Experiments with AWS FSx for Lustre: I/O Benchmark and Dask Cluster Deployment

Jiawei Zhuang

2019-03-05

(This post was tweeted by Jeff Barr and by HPC Guru)

AWS has recently launched an extremely interesting new service called FSx for Lustre. Since last week, FSx has also been integrated with the AWS ParallelCluster framework 1, so you can spin-up a Lustre-enabled HPC cluster with one-click. As a reminder for non-HPC people, Lustre is a well-known high-performance parallel file system, deployed on many world-class supercomputers 2. Previously, ParallelCluster (and its predecessor CfnCluster) only provided a Network File System (NFS), running on the master node and exported to all compute nodes. This often causes a serious bottleneck for I/O-intensive applications. A fully-managed Lustre service should largely solve such I/O problem. Furthermore, FSx is "deeply integrated with Amazon S3"3. Considering the incredible amount of public datasets living in S3 4, such integration can lead to endless interesting use cases.

As a new user of FSx, my natural questions are:

Does it deliver the claimed performance?
How easily can it be used for real-world applications?

To answer these questions, I did some initial experiments:

Performed I/O benchmark with IOR, the de-facto HPC I/O benchmark framework.
Deployed a Dask cluster on top of AWS HPC environment, and used it to process public Earth science data in S3 buckets.

The two experiments are independent so feel free to jump to either one.

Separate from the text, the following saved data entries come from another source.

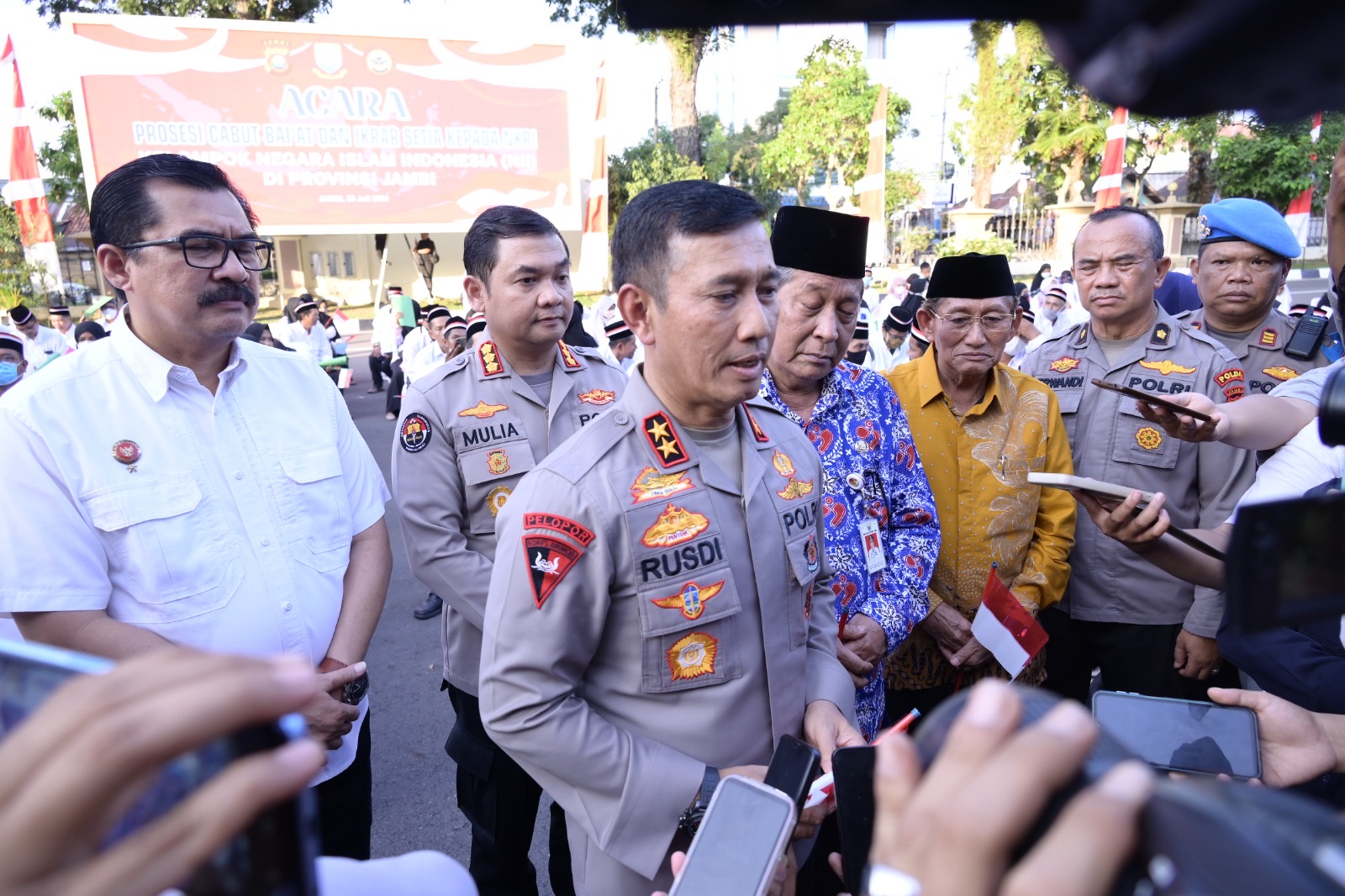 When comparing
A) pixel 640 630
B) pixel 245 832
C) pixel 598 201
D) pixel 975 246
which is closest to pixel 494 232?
pixel 640 630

Disclaimer: This is just a preliminary result and is by no means a rigorous evaluation. In particular, I have made no effort on fine-turning the performance. I am not affiliated with AWS (although I do have their generous funding), so please treat this as a third-party report.

Contents

1 Cluster infrastructure
- 1.1 AWS ParallelCluster configuration
- 1.2 Testing integration with existing S3 bucket
2 I/O benchmark by IOR
- 2.1 Install IOR by Spack
- 2.2 I/O benchmark result
3 Dask cluster on top of AWS HPC stack
- 3.1 Cluster deployment with Dask-jobqueue
- 3.2 Computation with Dask-distributed
4 Final thoughts
5 References

1 Cluster infrastructure

The first step is to spin up an AWS ParallelCluster. See my previous post for a detailed walk-through.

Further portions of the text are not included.